Translate

20 Ekim 2012 Cumartesi

1430.bölüm..


mustafa,mahmut.. bekir,cevdet beyler gelince.. ayağa kalkıp.. tokalaştık.. hoşgeldiniz dedik..  koltuklar getirildi falan..  oturduk..hal hatır soruluyor..
bize gönderdiklerim için teşekkür ettiler.. mr.sam,mr.anar ve maruf için.. said ve yasemin çeviriyor..

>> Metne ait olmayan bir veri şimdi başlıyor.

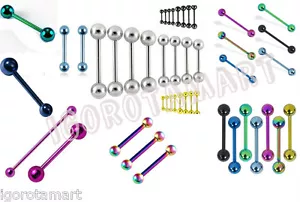 1X Anodized Titanium Straight Barbell Tongue Nipple Ring Body Piercing Bar - Picture 1 of 3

irem-- eşleriniz neredeler.. masraf olur diye getirmediniz mi yoksa..  güngör bey de yok..

güldüler..

mustafa-- güngör aile meclisini topladı.. bir kaç gündür onlarla uğraşıyor..
bizim eşlerimizde çiftlikte.. kışlıkların hazırlığıyla meşgüller.. o yüzden gelemediler,irem hanım..

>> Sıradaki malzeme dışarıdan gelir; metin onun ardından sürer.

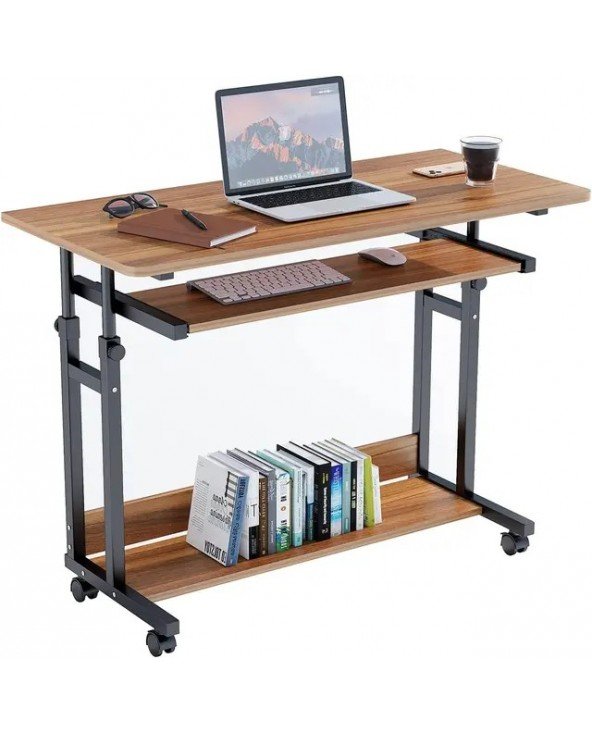 Dripex Desk Side Table Computer Desk with Wheels Laptop Table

mahmut-- güzidenin de işi çıktı.. bir saatliğine gelecek, belki..
bekir-- sacide,elif ve hüseyin aşağıdalar..  karışmamak için.. bari,ne aldığınızı ben görmeyim dedim..

kahkahayla güldük..

bekir-- sizz,melek hanımdınız değil mi..
melek-- evet efendim..  geçen sene üniversitemize geldiğinizde, tanışmıştık.. ama siz ziyanın düğününde gördüğünüz için hatırlıyorsunuz tabi..

bekir-- doğru.. ama gördüğüm yüzleri pek unutmam..  nereden tanıyorum diye,düşünürken..hatırladım seni..  eczacılıkla ilgili bir projen vardı ve ödül almıştın değil mi..
melek-- (gülümsedi) şaşırdım doğrusu.. evet öyleydi..

irem-- tebrik ederiz,melek.. tez hazırlıyorum, ayıracak zamanım yok derken doğru söylüyormuşsun demek ki..
melek-- sağol da.. aşkolsun,irem..

candan-- kuzenim idealisttir.. kariyerini yaparken,başka şeyleri ıskalama diyorum ama..
melek-- teklif eden,ısrar bile etmedi ki..  yok dedim,gitti abla..

kaan-- ısrar olsa,kabul edecektiniz yani..
melek-- kimbilir..

mahmut-- sözünüzü kestim ama.. bir şekilde konuya dahil olduğumdan biliyorum.. ısrar etmesini beklediğiniz kişi,burada değil..
sizin gittiğinizi sandığından,karşılamak  için.. kariyerini düşünmeden,izin bile almadan.. sadece bir not yazıp..  akşamüstü uçakla  Ankaraya gitmiş.. güzide, o yüzden gelemedi..  kovulmaması için,çırpınıyor..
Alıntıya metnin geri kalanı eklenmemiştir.